John F. Simon Jr.'s second solo exhibition in New York was presented by Sandra Gering Gallery at its former Chelsea location.

For this exhibition, John Simon extended his creative process by using original software to mark and shape physical materials. The code Simon writes is now articulated outside of the computer screen through the use of a digitally controlled laser. With the laser, Simon alters materials that are well known, but are new to his body of work. This "new media" includes Formica, Linoleum and Plexiglas.

New Instructions is composed of four groupings of work that point to a common cultural ground of patterning and symmetry. In Simon's screen based work, Swarms, one software program is presented simultaneously across a broad window comprised of two 50" plasma monitors. The software shows the formation and dissolution of symmetric patterns as a metaphor for the temporality of our thoughts, ideas and actions. The process of gathering and dispersing patterns is continually reenacted by up to nine swarms forming a mesmerizing variety of compositions and color combinations that will never repeat.

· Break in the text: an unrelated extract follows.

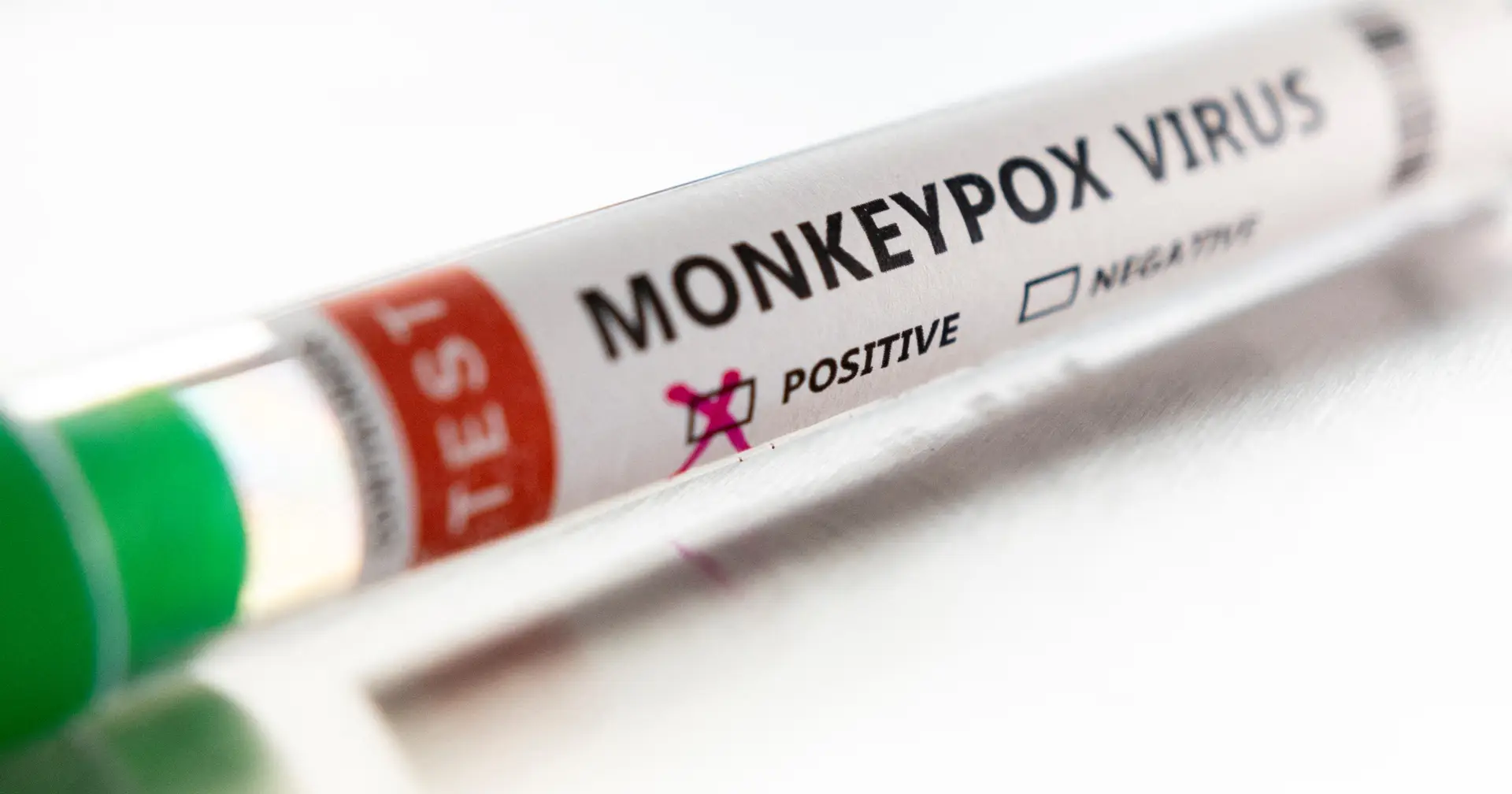 Monkeypox: “Não está disponível um grande número de vacinas para comprar”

For the gallery floor, Simon created a symmetric pattern of almost 1,000 individual laser cut Linoleum tiles, inspired in part by an M.C. Escher drawing from the Alhambra. Simon's floor piece is a digital improvisation of this centuries-old interlocking style. He brings to the basic symmetry curvaceous shapes that are characteristic of computer-based design.

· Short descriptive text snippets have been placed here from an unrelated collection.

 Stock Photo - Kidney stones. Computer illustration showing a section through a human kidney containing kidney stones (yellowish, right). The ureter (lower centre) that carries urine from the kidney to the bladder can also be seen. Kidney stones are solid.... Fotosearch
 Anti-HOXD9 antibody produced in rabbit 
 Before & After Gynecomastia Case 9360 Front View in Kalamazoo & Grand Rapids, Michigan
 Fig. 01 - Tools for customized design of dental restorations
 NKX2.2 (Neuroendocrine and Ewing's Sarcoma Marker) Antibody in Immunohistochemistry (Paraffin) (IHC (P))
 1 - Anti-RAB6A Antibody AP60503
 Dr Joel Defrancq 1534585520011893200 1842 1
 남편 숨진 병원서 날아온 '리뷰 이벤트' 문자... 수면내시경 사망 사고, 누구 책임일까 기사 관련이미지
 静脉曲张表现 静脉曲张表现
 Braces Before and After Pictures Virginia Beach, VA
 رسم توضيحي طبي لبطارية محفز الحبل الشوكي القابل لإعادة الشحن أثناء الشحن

Simon has also used the laser to create Plexiglas panels with which to "tile" the gallery windows. These pieces screen the view of the outside world while coloring the light entering the gallery. Both in function and in composition, the Plexiglas panels express Simon's interest in the nature of boundaries.

Finally, Simon captures moments of the Swarms software in four works of intercut Formica. The fleeting, beautiful screen stills are translated through a variety of carefully chosen and controlled laser cuts and marks.